Thread overview
[dmd-internals] building dmd with the microsoft compiler
Nov 13, 2011
Rainer Schuetze
Nov 13, 2011
Rainer Schuetze
Nov 13, 2011
Walter Bright
Nov 14, 2011
Rainer Schuetze
Nov 13, 2011
Walter Bright
Nov 13, 2011
Rainer Schuetze
Nov 13, 2011
Walter Bright
Nov 14, 2011
Rainer Schuetze
Nov 19, 2011
Rainer Schuetze
November 13, 2011
Hi,

a few days ago, I was trying to figure out why dmd takes so long compiling my projects. (The usual development build time for VisualD+parser is about 40 seconds which starts to get annoying.
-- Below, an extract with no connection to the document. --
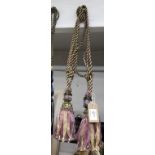 A pair of curtain tie backs in lilac & gold with gems and beading with tassel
With enabled GC it was more than a minute. Comparing this with the C++ project at work which is about 50 times larger, but only takes about 10 seconds to (incrementally) build with changes to a few files, I think there is something wrong with the D compilation model. But this is a different topic.)

Activating the profiler didn't help (crashes or takes forever), so I pushed the dmd source through the Microsoft compiler (I'm currently using cl v15 that comes with VS2008). Using the Microsoft compiler has several advantages

- way better debug information and integration into current debuggers
- better support for instrumented/sampling profiling tools
- better dependency handling for building dmd (if used from within
Visual Studio)
- the executable can use up to 4GB memory on Win 64-bit host, up to 3GB
memory on Win32

The downsides are

- no 80-bit float support
- no C99 sprintf (%j, %z, %a)
- restricted structured exception handling

I have patched the compiler to use handcrafted implementations and it now passes the dmd test suite.

Quite a bit to my surprise, the compiler is also almost twice as fast on my projects as the dmc compiled dmd! The test suite runs a bit slower though (5% to 10%).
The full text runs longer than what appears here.